Technology Typically Emerges as a Solution to a Problem
At its heart, innovation occurs in reaction to or anticipation of a problem. Mindfulness apps, sleep trackers and other products aimed at stress-relief may very well profit off the culture of stress, but they also likely stemmed from genuine attempts to solve that prevalent societal problem.
Even while certain technology stresses people out, many consumers also seek and use technology as a tool to relieve that stress. They want technology that gives them the ability to cope without any additional pressure. As a result, innovators and influencers in the tech industry are meeting consumers’ needs by creating (and, yes, profiting off of) stress-relieving technology.
Perhaps the tools themselves are not the end solution, but rather a way to potentially get to the solution faster or more efficiently.
Creating Value for Consumers Can Also Mean Creating Value for Your Business
While consumers should be responsible for owning their own stress treatment and management, product engineers and marketers should take care to avoid unintentionally compounding the very issue they’re trying to fix.
This lesson applies not just to tech professionals or the self-help and stress-relief industries, but also to anyone creating and marketing a product that claims to help consumers.
The easiest way to discover if consumers will find your product useful is to integrate social listening as part of your market research. For companies and products to remain competitive, understanding the real pain points of your consumer and creating a product that alleviates those pain points can only happen if you listen to your consumers. We must internalize the fact that the only marketable product is a product that actually helps relieve that specific problem for a specific demographic.

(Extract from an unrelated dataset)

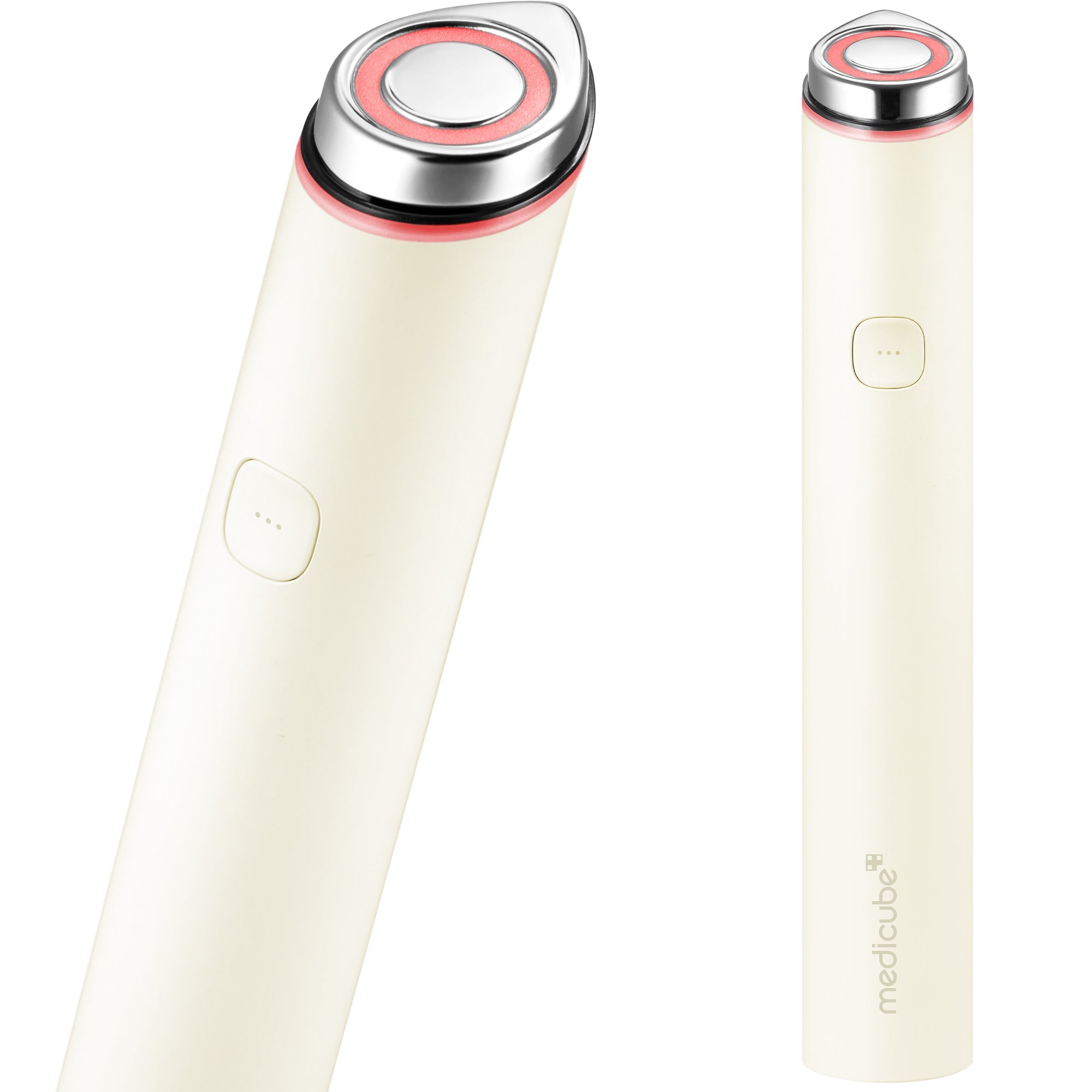 Mini Booster Pro Plus - Beige Mini Booster Pro Plus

When you create value for your customers, you create value for your business. And the only way to create loyal customers is to create a product that doesn’t exploit their insecurities but acts as a tool to overcome them.
So although technology can be the source of some of the stress in our modern world, it may also prove to be part of the solution, as long as tech companies strive to provide optimal value for consumers. In future posts I intend to explore other corners in this intersectional space between technology and wellness, and how to provide that true value for users.